If you haven’t had the pleasure of perusing the book recently, you could read from HERE to the end of the chapter, to get a flavor.
A late effort, written during a period when the illustrious raconteur seemed to have run out of steam, Connecticut Yankee amuses as much as the books Twain wrote at the height of his powers. His gift for hillarious mimicry of colloquial speech shines in the Round Table colloquies he invents.
This book, however, has a glowering dark side which bears our deep meditation.
A Connecticut Yankee in King Arthur’s Court is a bald-faced, unapologetic, obtuse, and clumsy anti-Catholic screed. A lone voice exposed it as such at the time.
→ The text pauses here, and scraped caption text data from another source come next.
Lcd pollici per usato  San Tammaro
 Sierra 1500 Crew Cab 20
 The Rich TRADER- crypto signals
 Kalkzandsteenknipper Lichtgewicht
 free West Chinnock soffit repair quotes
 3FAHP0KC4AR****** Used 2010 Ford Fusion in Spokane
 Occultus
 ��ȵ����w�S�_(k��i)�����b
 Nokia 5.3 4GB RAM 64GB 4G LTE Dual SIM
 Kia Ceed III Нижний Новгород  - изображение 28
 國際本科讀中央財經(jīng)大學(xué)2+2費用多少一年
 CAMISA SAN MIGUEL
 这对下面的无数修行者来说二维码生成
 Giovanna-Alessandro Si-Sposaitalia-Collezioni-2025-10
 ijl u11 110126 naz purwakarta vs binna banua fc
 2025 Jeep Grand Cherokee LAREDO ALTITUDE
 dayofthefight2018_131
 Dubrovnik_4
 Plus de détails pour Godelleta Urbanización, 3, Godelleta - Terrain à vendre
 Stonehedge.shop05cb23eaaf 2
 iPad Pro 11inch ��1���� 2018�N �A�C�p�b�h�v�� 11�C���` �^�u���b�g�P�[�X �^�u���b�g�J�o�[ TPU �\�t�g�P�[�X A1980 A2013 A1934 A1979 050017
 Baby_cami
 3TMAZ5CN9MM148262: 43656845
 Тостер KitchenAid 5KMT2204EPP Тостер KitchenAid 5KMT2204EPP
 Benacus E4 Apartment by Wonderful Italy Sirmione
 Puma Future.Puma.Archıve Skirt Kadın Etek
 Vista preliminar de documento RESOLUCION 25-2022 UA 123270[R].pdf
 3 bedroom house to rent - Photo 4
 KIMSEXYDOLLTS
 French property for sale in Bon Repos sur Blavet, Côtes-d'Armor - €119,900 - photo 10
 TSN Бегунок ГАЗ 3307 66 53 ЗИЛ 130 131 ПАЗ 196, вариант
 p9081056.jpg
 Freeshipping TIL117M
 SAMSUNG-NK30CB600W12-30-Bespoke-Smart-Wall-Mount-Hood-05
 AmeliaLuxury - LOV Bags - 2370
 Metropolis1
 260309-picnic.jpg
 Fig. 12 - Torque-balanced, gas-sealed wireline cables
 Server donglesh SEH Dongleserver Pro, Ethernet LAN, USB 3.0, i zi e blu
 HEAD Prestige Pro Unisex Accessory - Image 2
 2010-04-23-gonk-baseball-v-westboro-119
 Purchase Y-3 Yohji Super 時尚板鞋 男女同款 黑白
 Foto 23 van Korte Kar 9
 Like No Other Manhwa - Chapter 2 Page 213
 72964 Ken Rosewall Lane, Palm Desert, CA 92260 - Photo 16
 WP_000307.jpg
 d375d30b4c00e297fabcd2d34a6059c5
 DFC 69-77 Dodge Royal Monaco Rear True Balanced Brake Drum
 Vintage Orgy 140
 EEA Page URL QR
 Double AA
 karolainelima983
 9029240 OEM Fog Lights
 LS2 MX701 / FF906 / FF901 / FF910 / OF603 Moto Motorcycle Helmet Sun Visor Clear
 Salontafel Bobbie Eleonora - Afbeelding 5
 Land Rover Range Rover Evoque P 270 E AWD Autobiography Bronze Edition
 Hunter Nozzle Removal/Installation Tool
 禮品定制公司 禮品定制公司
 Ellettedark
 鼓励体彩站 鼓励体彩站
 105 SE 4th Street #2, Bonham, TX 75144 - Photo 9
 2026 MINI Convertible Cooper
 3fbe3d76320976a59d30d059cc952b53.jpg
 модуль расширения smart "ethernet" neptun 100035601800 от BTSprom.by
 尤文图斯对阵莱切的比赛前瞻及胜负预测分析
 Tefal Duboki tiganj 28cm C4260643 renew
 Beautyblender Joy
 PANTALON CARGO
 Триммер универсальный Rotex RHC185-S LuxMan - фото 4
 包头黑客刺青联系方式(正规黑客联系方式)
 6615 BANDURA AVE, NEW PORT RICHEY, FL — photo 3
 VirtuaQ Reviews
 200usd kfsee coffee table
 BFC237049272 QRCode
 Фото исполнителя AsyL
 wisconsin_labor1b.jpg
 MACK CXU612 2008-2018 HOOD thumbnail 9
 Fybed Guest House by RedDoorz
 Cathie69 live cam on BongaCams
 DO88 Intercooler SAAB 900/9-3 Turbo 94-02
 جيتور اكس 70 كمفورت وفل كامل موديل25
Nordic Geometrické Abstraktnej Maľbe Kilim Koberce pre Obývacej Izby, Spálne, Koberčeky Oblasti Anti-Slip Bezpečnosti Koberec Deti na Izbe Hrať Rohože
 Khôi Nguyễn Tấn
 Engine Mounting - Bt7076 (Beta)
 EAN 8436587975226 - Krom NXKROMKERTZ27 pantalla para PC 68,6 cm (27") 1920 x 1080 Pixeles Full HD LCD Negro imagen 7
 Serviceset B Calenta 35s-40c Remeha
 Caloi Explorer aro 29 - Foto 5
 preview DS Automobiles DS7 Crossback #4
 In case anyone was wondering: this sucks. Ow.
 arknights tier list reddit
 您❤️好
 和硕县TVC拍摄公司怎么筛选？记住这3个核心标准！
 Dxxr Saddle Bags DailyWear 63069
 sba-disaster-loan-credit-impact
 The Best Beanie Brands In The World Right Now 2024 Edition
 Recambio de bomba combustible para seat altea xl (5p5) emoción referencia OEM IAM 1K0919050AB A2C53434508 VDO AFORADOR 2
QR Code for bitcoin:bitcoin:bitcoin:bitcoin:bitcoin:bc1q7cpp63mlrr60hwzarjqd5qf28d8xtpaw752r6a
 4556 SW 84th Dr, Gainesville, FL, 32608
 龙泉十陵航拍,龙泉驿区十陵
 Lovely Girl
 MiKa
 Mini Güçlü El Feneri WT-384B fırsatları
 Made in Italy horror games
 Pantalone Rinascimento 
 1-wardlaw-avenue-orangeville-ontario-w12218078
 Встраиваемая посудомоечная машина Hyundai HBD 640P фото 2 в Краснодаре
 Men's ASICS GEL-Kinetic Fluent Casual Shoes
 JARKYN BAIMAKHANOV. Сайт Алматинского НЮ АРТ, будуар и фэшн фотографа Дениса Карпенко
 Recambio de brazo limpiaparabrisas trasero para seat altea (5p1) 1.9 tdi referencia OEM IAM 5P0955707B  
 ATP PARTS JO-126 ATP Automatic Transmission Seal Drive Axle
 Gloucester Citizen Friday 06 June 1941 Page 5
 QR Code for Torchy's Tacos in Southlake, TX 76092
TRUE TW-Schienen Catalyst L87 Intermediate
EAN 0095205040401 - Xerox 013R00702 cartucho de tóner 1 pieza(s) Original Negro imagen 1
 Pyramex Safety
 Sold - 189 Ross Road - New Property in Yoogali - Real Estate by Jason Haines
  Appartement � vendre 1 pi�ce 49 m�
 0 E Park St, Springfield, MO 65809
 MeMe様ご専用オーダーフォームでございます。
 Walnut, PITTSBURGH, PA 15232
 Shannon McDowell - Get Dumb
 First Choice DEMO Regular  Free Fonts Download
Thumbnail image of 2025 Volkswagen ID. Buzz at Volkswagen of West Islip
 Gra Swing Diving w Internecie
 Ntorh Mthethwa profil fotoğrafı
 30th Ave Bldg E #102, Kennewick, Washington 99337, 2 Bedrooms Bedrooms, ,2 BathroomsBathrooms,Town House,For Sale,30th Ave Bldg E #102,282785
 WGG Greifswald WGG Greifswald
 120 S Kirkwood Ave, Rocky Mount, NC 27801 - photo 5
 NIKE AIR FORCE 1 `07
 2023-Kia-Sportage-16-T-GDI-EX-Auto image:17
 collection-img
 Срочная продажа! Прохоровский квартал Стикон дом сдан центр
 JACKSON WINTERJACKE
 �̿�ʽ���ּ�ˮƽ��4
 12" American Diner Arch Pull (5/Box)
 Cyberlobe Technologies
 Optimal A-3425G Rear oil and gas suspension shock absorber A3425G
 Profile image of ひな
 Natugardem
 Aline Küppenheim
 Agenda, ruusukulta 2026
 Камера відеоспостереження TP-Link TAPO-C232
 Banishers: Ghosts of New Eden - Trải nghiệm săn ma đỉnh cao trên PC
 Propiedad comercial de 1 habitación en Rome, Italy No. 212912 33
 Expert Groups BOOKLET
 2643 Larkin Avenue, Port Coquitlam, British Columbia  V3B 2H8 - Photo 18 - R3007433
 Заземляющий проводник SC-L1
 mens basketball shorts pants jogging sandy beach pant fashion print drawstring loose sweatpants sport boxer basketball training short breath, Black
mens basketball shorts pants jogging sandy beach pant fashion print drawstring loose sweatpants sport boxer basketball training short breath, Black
With these words, Hank (the Connecticut Yankee narrator) exposes Twain’s faulty thesis, which he apparently thought justified his malice:
Something of this disagreeable sort was turning up every now and then. I mean, episodes that showed that not all priests were frauds and self-seekers, but that many, even the great majority, of these that were down on the ground among the common people, were sincere and right-hearted, and devoted to the alleviation of human troubles and sufferings.
Well, it was a thing which could not be helped, so I seldom fretted about it, and never many minutes at a time; it has never been my way to bother much about things which you can’t cure. But I did not like it, for it was just the sort of thing to keep people reconciled to an Established Church.
We MUST have a religion — it goes without saying — but my idea is, to have it cut up into forty free sects, so that they will police each other, as had been the case in the United States in my time. Concentration of power in a political machine is bad; and and an Established Church is only a political machine; it was invented for that; it is nursed, cradled, preserved for that; it is an enemy to human liberty, and does no good which it could not better do in a split-up and scattered condition. That wasn’t law; it wasn’t gospel: it was only an opinion — my opinion, and I was only a man, one man: so it wasn’t worth any more than the pope’s — or any less, for that matter. (Chapter 18)
Here it is, eloquently expressed: The American fallacy of private religion.
Let us counterpose these words of Blessed John Henry Cardinal Newman, written thirty years earlier:
I think I am right in saying that the tradition of the Apostles, committed to the whole Church in its various constituents and functions, manifests itself variously at various times: sometimes by the mouth of the episcopacy, sometimes by the doctors, sometimes by the people, sometimes by liturgies, rites, ceremonies, and customs, by events, disputes, movements, and all those other phenomena which are comprised under the name of history.
It follows that none of these channels of tradition may be treated with disrespect; granting at the same time fully, that the gift of discerning, discriminating, defining, promulgating, and enforcing any portion of that tradition resides solely in the Ecclesia docens [the teaching Church].